For Mark Kibort and Kent Kappen, iron sharpens iron.
The two friends spurred each other on in this summer’s USATF Masters National Track and Field Championships in Missouri. Kibort, a 62-year-old Saratoga resident, won the gold medal in the decathlon in the 60-64 age division.
Kappen, a 51-year-old Los Gatos resident, took home bronze in the 50-54 age category. The event took place Aug. 27-28 in St. Charles, which is a 30-minute drive west of St. Louis. The decathlon isn’t for the faint of heart.
Decathlon winners in the Olympic Games can make a case for being the greatest athletes in the world because of the variety of disciplines they have to excel in. For Masters athletes like Kibort and Kappen at the National Championships, they competed in the 100 meter dash, long jump, shot put, high jump and 400 meters on the first day of the competition.
Then they had to come back the following day amid oppressive humidity and do the 100 hurdles, discus, pole vault, javelin and 1500 meters. Not every event in the open decathlon is involved at the Masters level, including the triple jump, 200, 800, 3200 and 300 hurdles.
However, the fact that Kibort and Kappen had to complete 10 events over a 48-hour period is quite an impressive feat for people half their age, let alone a 62- and 51-year-old. Neither Kibort nor Kappen said they would’ve been able to do it without the other.
The duo practice together every Sunday at Los Gatos High, and train on their own the other days.
“You push yourself a lot training for multiple events, and I would never do it entirely on my own because it would be too much torture,” said Kibort, who went 17 feet, 1/4 inches in the pole vault in the 1981 U.S. Championships. “But when you have someone to do it with, it becomes helpful and fun.”
Said Kappen: “Mark is a 60-year-old now, but he still runs me around the track. He’s so fast and a super high energy guy that you just feed off that higher energy.”
Even though both athletes had distinguished high school careers and in Kibort’s case a standout collegiately at Cal Poly, the duo have only recently gotten back into the game. Both have done open competitions and All-Comers meets for the last couple of decades, filling their competitive juices.
However, the 2022 Masters National event was Kappen’s first major competition since high school.
Kibort competed in the 2021 National Championships in Fort Collins, Colo., but was hobbled on the second day with an injury, motivating him to return this year with a better result.
“Mark came back from Colorado last year and said, ‘Dude, you have to do this with me,’” Kappen said. “I said, ‘Why not?’ So we trained for this for an entire year.”

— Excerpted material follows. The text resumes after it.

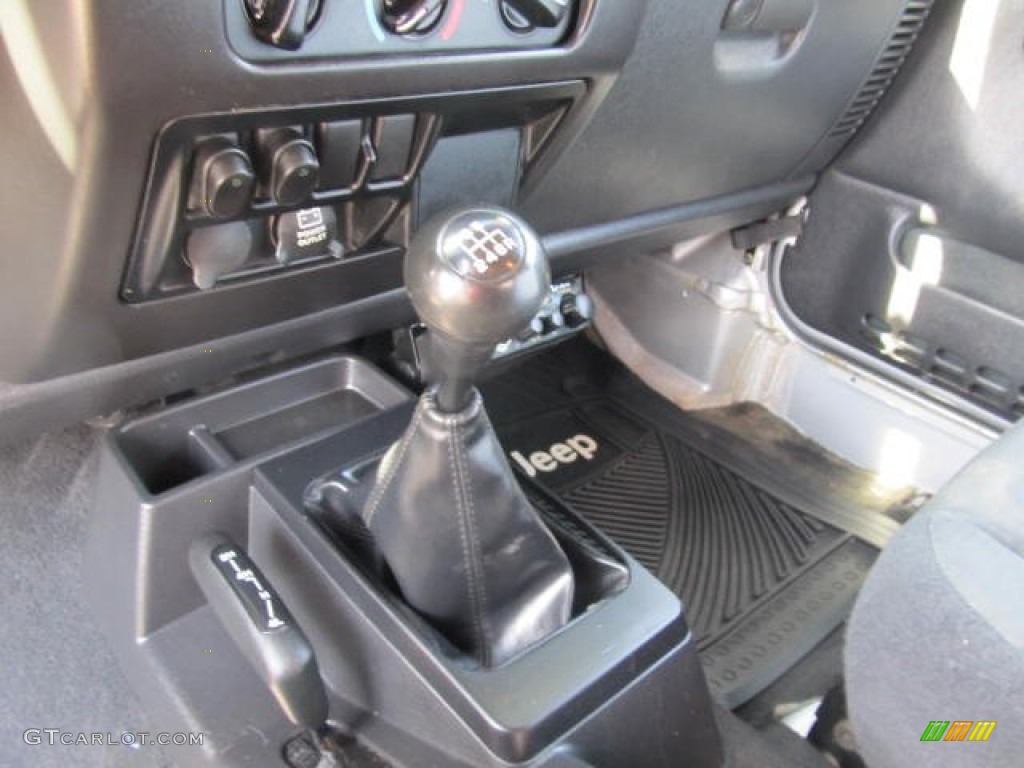 2006 Jeep Wrangler X 4x4 6 Speed Manual Transmission Photo #62767199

Kappen said one of the neat parts of this story is when he was in junior high, he vividly remembers looking up to Kibort, who was the premier pole vaulter in the Central Coast Section while at Saratoga.
“I remember Mark pole vaulting in high school and college, and I was so enamored in how amazing he was,” Kappen said. “I was a little 7, 8-foot pole vaulter at the time. I had stars in my eyes and just remember how awesome it was seeing him compete way back then.”
The two were reunited three years ago when Kibort was Los Gatos High’s sprints coach and Kappen the throws coach, a role Kappen still serves today.
“Kent was one of the guys I could relate to,” Kibort said. “He had the same kind of methodology and coaching style I have as a coach, and we hit it off and struck up a friendship and started training together.”
Once Kibort decided not to coach at Los Gatos High anymore, Kappen, who is the cross country and track and field coach at Fisher Middle School as well as a part-time PE teacher at Blossom Hill Elementary, brought Kibort over to Fisher to coach the sprinting and relay events.
“We’ve got 150 kids for cross country and track, and it’s like a gaggle of geese and herding cats,” Kappen said. “He wasn’t used to that at first. But it’s a lot of fun because these kids try so hard and they were the ones that got me inspired that maybe I should get out there.”
Kibort’s desire to compete and perform athletic feats at a high level never left him. Kibort still is in Cal Poly’s top-15 all time point leaders in the decathlon, and even earned a TV appearance on “American Gladiators” in 1993 at age 33.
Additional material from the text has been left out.